Brief descriptive captions:
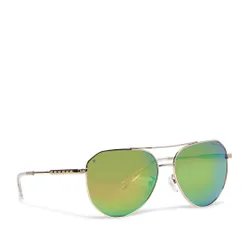 Okulary przeciwsłoneczne Michael Kors Cheyenne 0MK1109 Clear/Green Mirror Polar - Rozmiar (EU) 60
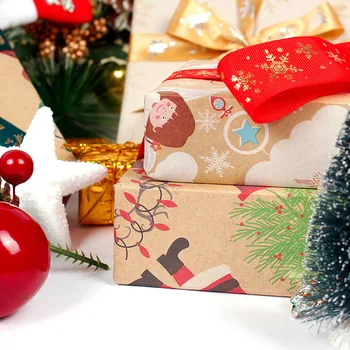 50*70cm Kalėdų Vyniojimo Kraft Popieriaus Dovanų Dėžutėje Kalėdų Vestuvių Žalia Apdaila Dovana, Saldainiai Cupcake Box Pakuotės Popieriniai Maišeliai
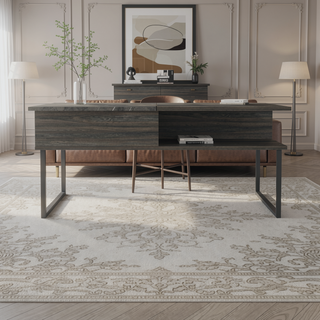 Sunvega Lift Top Coffee Table with Concealed Storage and Spacious Wooden Surface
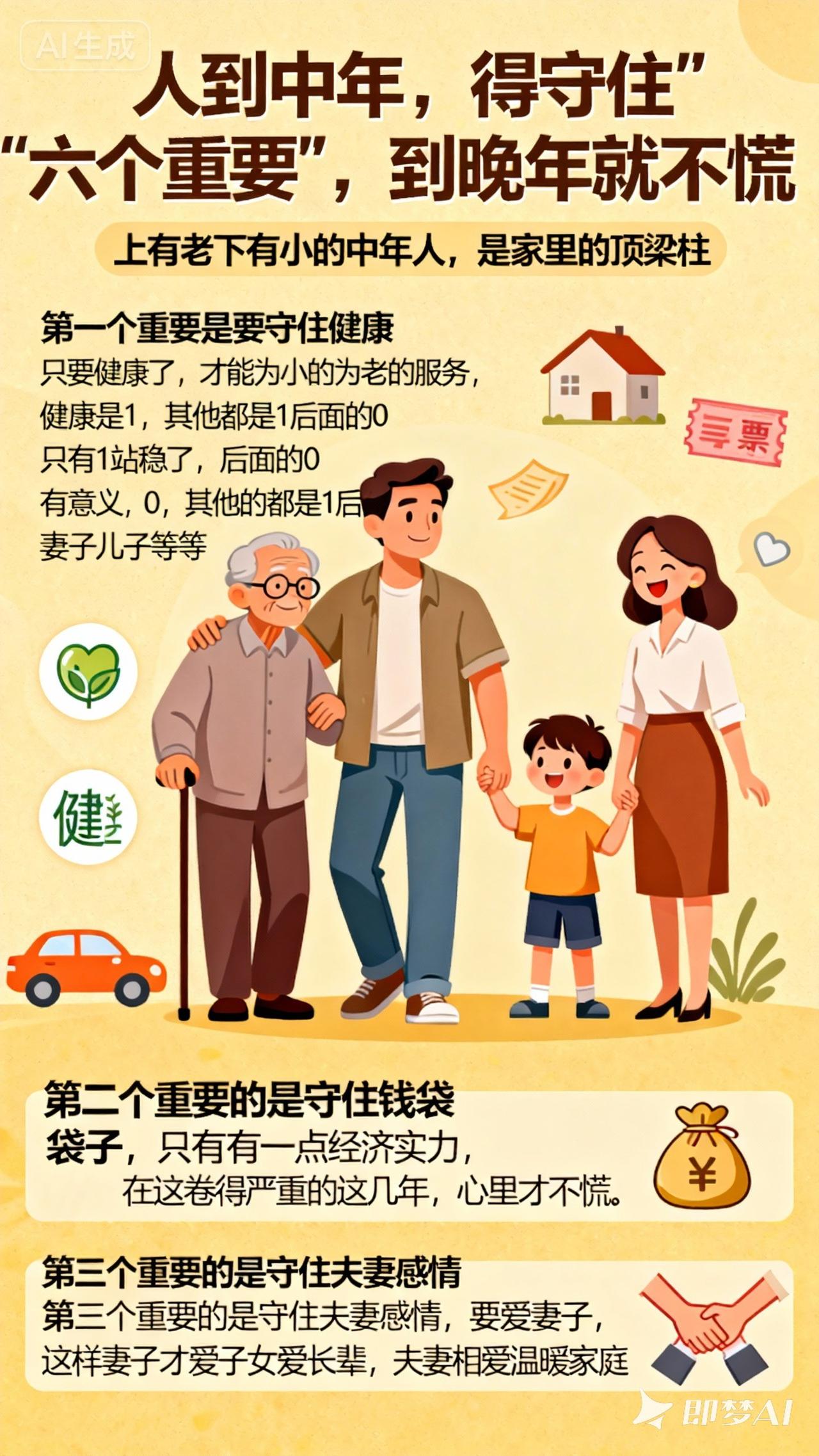 看完这段话，活得通透了。
到一定年龄，
感触颇多。

注:图片ai生成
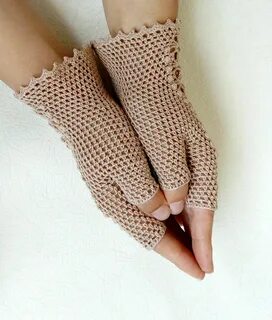 Ажурные митенки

- _Problem description_: Repeat every entry above word for word, and include no pictures.

- _Solved exercise_:
 Okulary przeciwsłoneczne Michael Kors Cheyenne 0MK1109 Clear/Green Mirror Polar - Rozmiar (EU) 60
 50*70cm Kalėdų Vyniojimo Kraft Popieriaus Dovanų Dėžutėje Kalėdų Vestuvių Žalia Apdaila Dovana, Saldainiai Cupcake Box Pakuotės Popieriniai Maišeliai
 Sunvega Lift Top Coffee Table with Concealed Storage and Spacious Wooden Surface
 看完这段话，活得通透了。
到一定年龄，
感触颇多。

注:图片ai生成
 Ажурные митенки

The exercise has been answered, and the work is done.